-------- Material for this exercise --------

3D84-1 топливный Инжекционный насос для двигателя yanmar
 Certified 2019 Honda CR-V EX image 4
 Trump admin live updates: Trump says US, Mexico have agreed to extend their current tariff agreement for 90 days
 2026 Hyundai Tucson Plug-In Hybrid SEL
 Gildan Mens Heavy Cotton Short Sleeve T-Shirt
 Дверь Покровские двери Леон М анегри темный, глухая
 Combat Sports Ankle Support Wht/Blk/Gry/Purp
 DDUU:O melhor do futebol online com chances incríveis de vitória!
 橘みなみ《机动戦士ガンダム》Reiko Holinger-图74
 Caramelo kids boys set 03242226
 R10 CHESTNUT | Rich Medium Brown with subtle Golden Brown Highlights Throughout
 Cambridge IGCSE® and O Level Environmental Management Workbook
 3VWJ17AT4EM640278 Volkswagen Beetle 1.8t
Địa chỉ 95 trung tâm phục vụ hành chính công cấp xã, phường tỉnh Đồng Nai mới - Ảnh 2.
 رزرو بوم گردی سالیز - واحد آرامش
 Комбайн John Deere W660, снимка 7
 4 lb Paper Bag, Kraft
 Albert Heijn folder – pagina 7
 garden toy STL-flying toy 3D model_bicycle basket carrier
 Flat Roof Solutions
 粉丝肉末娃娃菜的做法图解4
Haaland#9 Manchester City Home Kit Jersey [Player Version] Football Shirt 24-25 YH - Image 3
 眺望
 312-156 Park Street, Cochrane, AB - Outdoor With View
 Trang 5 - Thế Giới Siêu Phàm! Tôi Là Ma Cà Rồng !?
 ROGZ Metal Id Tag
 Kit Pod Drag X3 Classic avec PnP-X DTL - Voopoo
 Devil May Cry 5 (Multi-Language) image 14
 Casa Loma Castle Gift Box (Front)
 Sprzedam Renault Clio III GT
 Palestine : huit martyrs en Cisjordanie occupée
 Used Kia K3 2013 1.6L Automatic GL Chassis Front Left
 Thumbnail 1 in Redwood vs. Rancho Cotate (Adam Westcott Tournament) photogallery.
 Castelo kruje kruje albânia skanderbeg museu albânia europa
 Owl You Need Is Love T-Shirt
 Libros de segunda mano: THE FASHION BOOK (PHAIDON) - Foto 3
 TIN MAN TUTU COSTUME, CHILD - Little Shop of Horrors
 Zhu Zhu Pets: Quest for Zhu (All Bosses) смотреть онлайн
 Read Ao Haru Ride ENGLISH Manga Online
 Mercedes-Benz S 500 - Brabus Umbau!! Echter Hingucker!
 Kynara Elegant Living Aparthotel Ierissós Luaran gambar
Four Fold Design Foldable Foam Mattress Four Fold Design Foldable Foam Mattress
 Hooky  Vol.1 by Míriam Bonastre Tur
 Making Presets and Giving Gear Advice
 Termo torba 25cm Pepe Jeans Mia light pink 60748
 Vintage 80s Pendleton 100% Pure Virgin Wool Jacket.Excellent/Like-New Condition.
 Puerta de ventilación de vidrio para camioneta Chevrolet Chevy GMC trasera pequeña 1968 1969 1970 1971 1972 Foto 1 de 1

--------

Instructions for the task:
Find, please, how many lines in the data include the word "Foto", and put down that number only.

Task answer:
2